Every record that follows should be copied exactly. No picture belongs in the copy.

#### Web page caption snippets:
*** Block opens ***

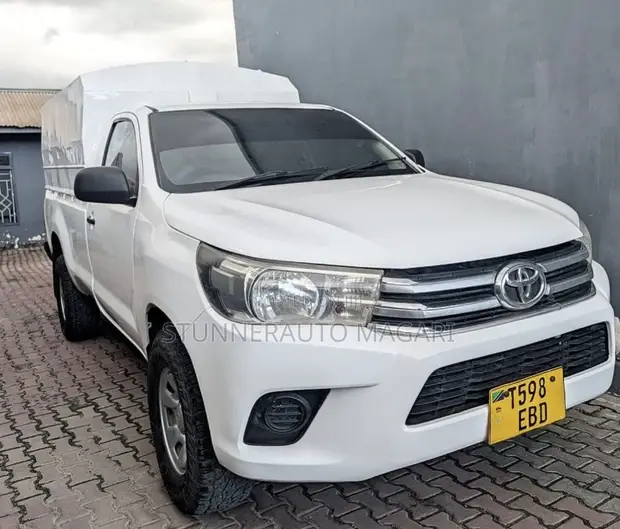 Toyota Hilux 2010 White - 1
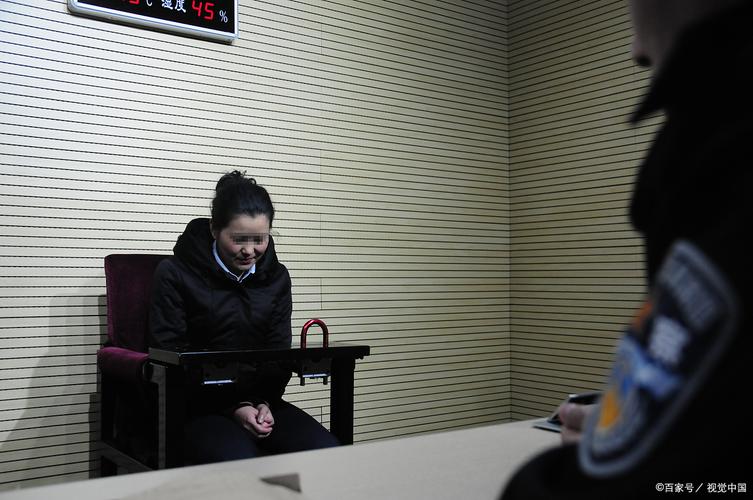 法院门口等待咨询离婚的中年女士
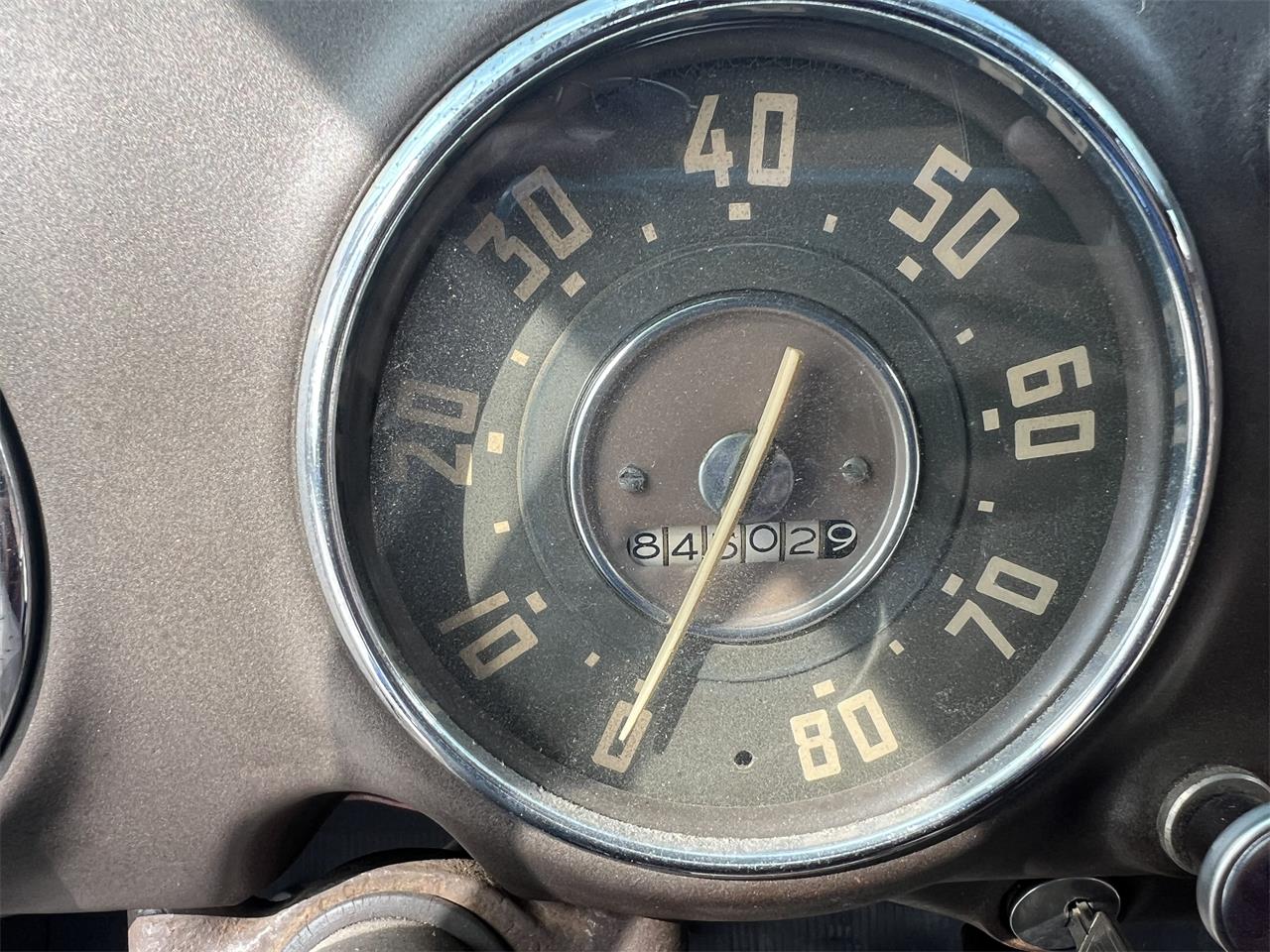 Chevrolet-1-ton-pickup-1951-Blue-Red-seat-9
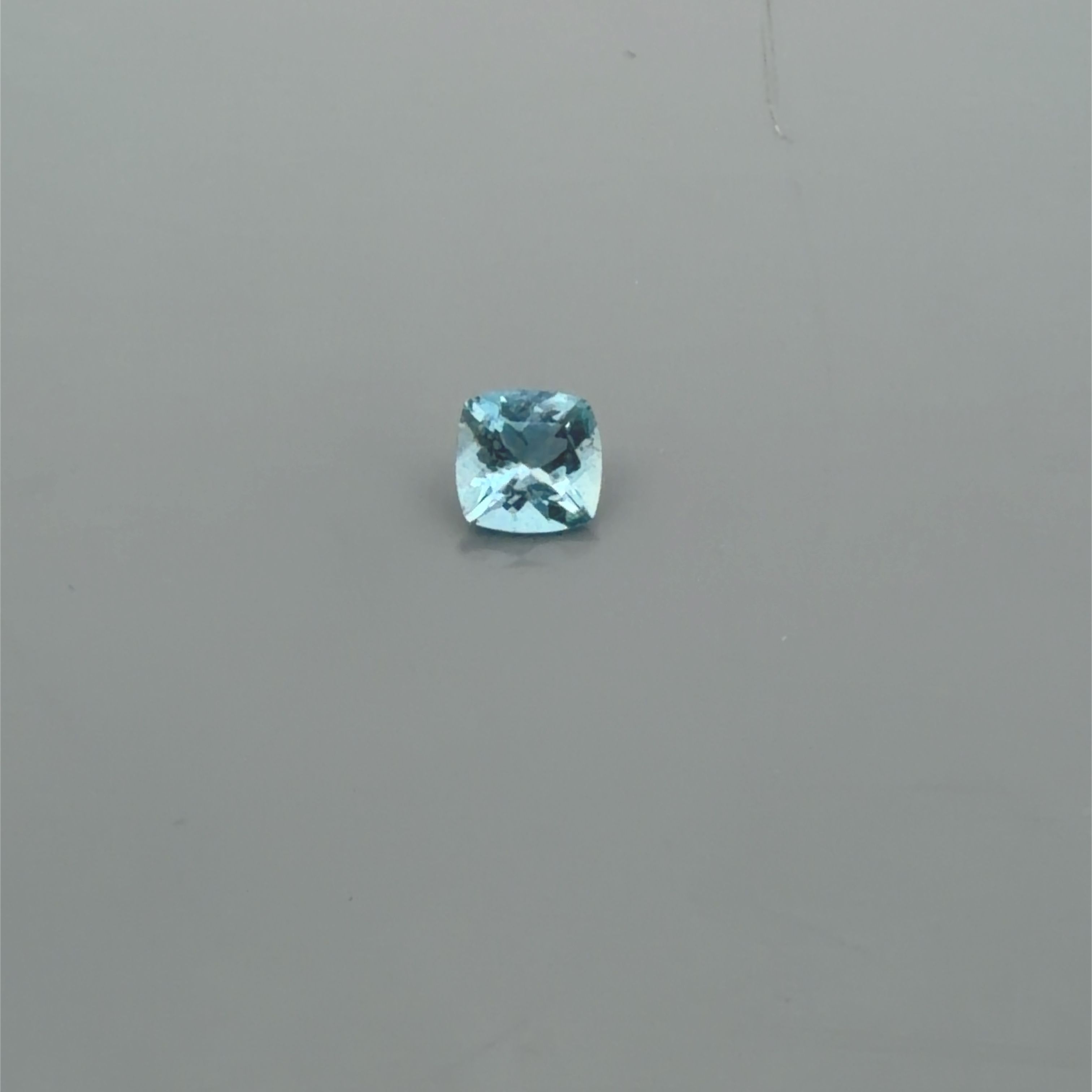 0.86ct AQUAMARINE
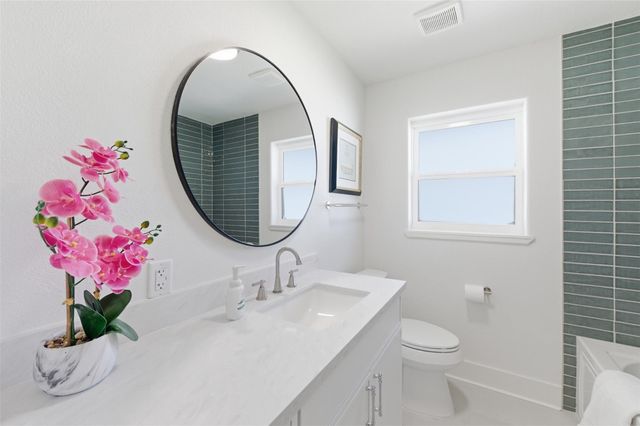 2210 Wakefield Drive, Houston, TX 77018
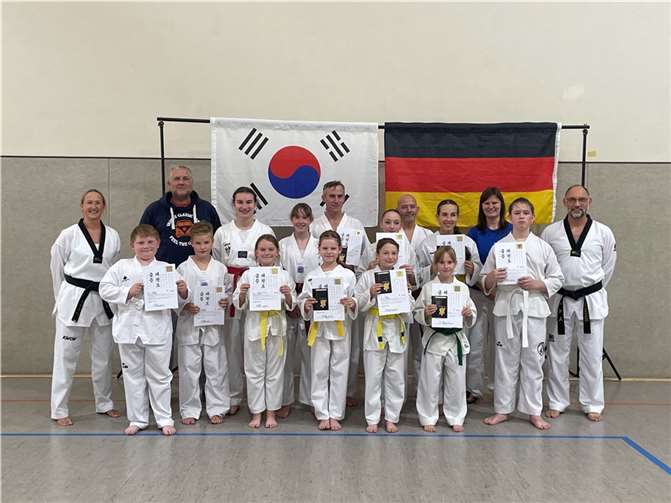 Erfolgreiche Gürtelprüfung der Brohltaler Taekwondoin.  Foto: privat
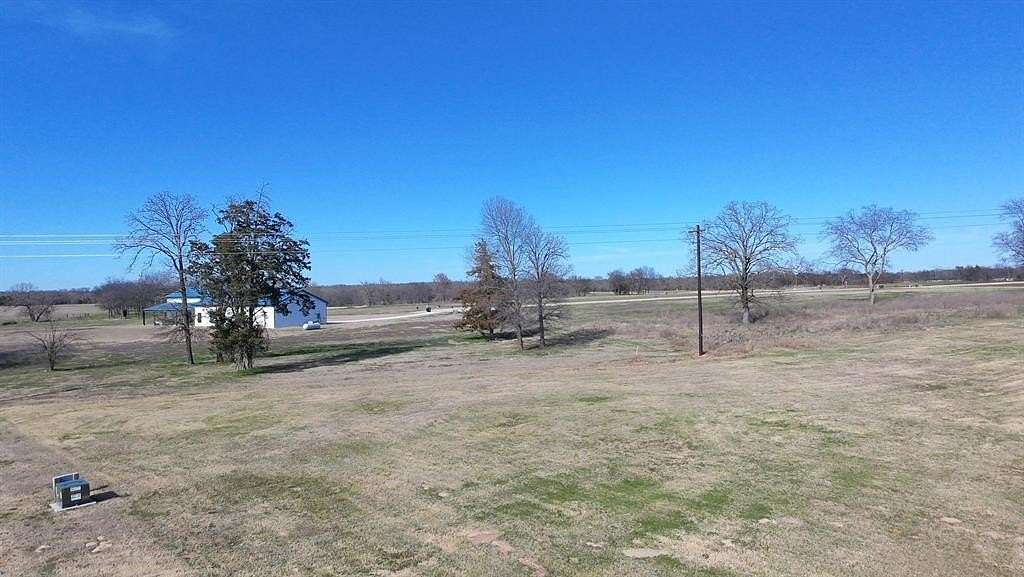 2 Acres of Residential Land for Sale in Yantis, Texas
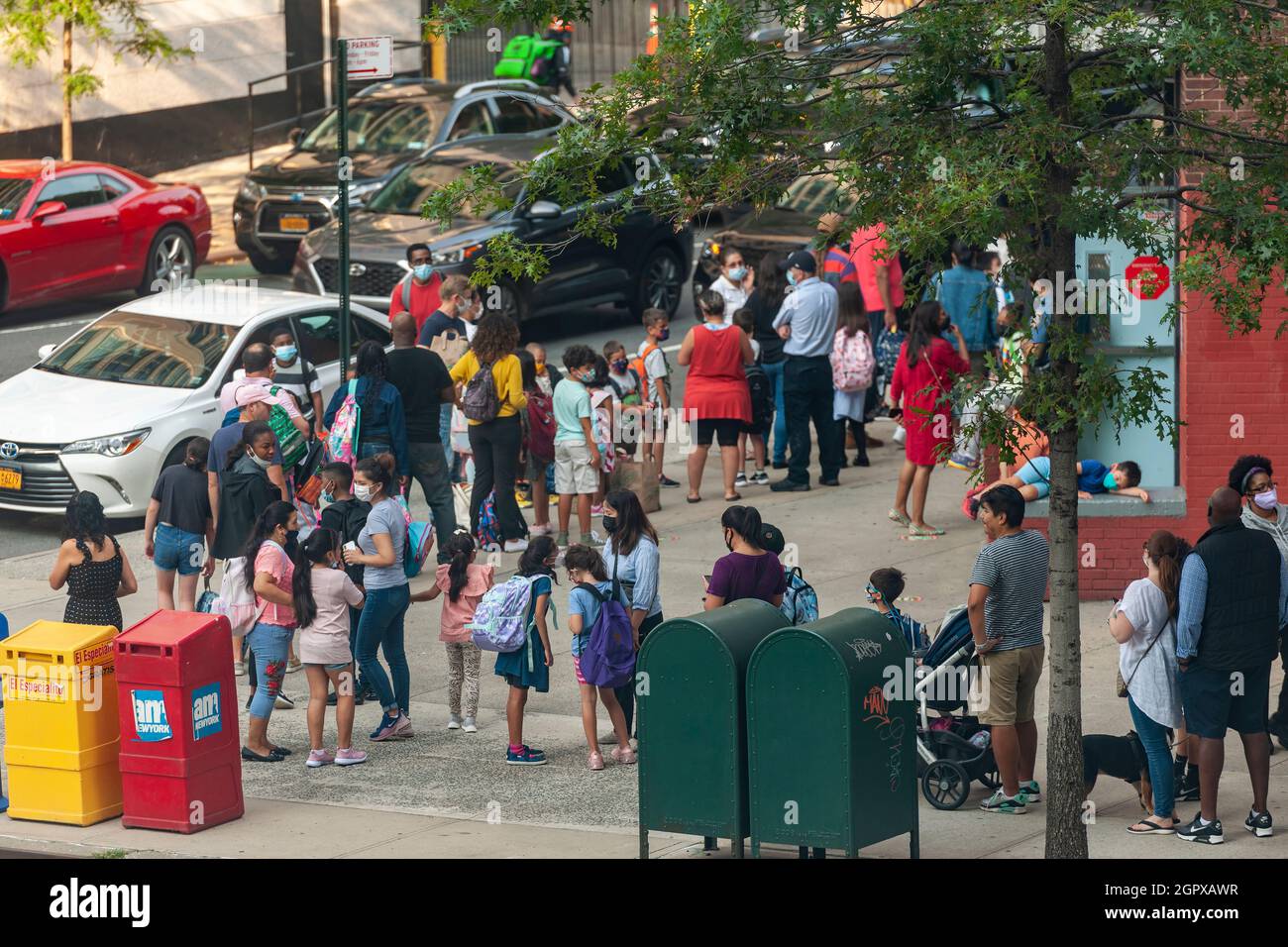 Les parents et les élèves font la queue à l'extérieur de la PS33 à Chelsea, à New York, le premier jour de l'école, le lundi 13 septembre 2021. La ville de New York n'a prescrit aucune option à distance cette année scolaire en instituant des précautions pour empêcher la propagation de COVID-19 dans la salle de classe. (© Richard B. Levine) Banque D'Images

*** Block closes ***

#### Your response:
 Toyota Hilux 2010 White - 1
 法院门口等待咨询离婚的中年女士
 Chevrolet-1-ton-pickup-1951-Blue-Red-seat-9
 0.86ct AQUAMARINE
 2210 Wakefield Drive, Houston, TX 77018
 Erfolgreiche Gürtelprüfung der Brohltaler Taekwondoin.  Foto: privat
 2 Acres of Residential Land for Sale in Yantis, Texas
 Les parents et les élèves font la queue à l'extérieur de la PS33 à Chelsea, à New York, le premier jour de l'école, le lundi 13 septembre 2021. La ville de New York n'a prescrit aucune option à distance cette année scolaire en instituant des précautions pour empêcher la propagation de COVID-19 dans la salle de classe. (© Richard B. Levine) Banque D'Images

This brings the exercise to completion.